**Work to be completed**
I'd like the line containing "Woman applying anti-frizz" and every line below it, to the end of the material, repeated exactly and with nothing else.

**** Information provided

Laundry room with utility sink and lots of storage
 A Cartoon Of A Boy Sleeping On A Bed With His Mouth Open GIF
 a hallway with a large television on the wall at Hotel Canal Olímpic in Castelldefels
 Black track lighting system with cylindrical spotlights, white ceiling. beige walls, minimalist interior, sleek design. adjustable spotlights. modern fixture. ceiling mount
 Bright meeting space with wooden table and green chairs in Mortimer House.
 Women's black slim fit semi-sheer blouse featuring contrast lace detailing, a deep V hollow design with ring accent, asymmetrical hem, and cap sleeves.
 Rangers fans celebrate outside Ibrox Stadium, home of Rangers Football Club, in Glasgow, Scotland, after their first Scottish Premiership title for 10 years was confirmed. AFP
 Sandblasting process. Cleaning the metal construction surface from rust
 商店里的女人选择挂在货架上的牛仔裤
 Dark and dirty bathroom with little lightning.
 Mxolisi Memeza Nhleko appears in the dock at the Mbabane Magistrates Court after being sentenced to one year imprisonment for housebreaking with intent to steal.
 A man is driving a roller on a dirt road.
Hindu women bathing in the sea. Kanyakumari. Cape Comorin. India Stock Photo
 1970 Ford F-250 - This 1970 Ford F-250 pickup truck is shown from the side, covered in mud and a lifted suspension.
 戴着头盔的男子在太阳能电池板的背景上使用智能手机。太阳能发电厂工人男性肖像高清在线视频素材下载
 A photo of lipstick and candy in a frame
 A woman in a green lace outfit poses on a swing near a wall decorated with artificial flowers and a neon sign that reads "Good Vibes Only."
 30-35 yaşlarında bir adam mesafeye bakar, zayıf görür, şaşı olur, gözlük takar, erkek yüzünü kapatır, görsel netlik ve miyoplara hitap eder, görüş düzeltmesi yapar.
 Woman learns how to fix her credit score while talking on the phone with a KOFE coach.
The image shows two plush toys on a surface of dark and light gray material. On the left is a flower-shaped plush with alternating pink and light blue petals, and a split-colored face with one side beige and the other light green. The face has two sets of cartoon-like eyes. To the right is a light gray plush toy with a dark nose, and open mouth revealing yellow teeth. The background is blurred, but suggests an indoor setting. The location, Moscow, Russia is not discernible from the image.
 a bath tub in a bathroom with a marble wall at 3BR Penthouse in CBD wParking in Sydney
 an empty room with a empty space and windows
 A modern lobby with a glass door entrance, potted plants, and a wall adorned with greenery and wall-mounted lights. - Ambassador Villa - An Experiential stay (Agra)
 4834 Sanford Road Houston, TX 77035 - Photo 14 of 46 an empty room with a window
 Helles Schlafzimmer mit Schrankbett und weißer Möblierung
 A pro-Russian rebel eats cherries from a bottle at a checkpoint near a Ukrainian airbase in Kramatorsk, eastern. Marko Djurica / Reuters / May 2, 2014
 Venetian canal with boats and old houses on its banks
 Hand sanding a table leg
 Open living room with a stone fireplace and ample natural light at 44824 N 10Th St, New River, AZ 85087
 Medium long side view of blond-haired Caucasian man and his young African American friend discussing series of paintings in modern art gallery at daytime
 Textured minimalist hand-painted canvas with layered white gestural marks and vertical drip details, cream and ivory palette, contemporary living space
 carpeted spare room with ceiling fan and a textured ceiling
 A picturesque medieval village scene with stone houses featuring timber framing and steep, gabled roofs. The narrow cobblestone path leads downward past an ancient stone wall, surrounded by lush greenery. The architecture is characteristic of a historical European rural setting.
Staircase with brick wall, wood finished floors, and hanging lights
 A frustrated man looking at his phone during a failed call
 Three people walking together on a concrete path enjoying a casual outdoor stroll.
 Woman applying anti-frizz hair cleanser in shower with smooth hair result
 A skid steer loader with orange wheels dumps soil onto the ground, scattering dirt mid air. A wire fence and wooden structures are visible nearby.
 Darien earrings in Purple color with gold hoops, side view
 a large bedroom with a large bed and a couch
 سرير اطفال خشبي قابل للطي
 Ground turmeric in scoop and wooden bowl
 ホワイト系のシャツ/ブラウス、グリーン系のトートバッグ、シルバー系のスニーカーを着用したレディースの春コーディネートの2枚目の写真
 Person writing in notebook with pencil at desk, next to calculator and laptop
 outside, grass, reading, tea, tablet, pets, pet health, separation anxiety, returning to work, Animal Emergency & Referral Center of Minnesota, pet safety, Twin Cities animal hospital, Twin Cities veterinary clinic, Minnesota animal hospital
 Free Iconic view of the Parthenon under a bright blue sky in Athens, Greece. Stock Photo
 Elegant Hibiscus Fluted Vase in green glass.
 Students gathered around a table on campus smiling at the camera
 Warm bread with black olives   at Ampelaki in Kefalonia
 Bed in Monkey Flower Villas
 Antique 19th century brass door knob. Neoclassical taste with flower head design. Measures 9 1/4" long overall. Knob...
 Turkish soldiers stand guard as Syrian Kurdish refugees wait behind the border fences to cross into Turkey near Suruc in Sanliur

********

**Exercise solution**
 Woman applying anti-frizz hair cleanser in shower with smooth hair result
 A skid steer loader with orange wheels dumps soil onto the ground, scattering dirt mid air. A wire fence and wooden structures are visible nearby.
 Darien earrings in Purple color with gold hoops, side view
 a large bedroom with a large bed and a couch
 سرير اطفال خشبي قابل للطي
 Ground turmeric in scoop and wooden bowl
 ホワイト系のシャツ/ブラウス、グリーン系のトートバッグ、シルバー系のスニーカーを着用したレディースの春コーディネートの2枚目の写真
 Person writing in notebook with pencil at desk, next to calculator and laptop
 outside, grass, reading, tea, tablet, pets, pet health, separation anxiety, returning to work, Animal Emergency & Referral Center of Minnesota, pet safety, Twin Cities animal hospital, Twin Cities veterinary clinic, Minnesota animal hospital
 Free Iconic view of the Parthenon under a bright blue sky in Athens, Greece. Stock Photo
 Elegant Hibiscus Fluted Vase in green glass.
 Students gathered around a table on campus smiling at the camera
 Warm bread with black olives   at Ampelaki in Kefalonia
 Bed in Monkey Flower Villas
 Antique 19th century brass door knob. Neoclassical taste with flower head design. Measures 9 1/4" long overall. Knob...
 Turkish soldiers stand guard as Syrian Kurdish refugees wait behind the border fences to cross into Turkey near Suruc in Sanliur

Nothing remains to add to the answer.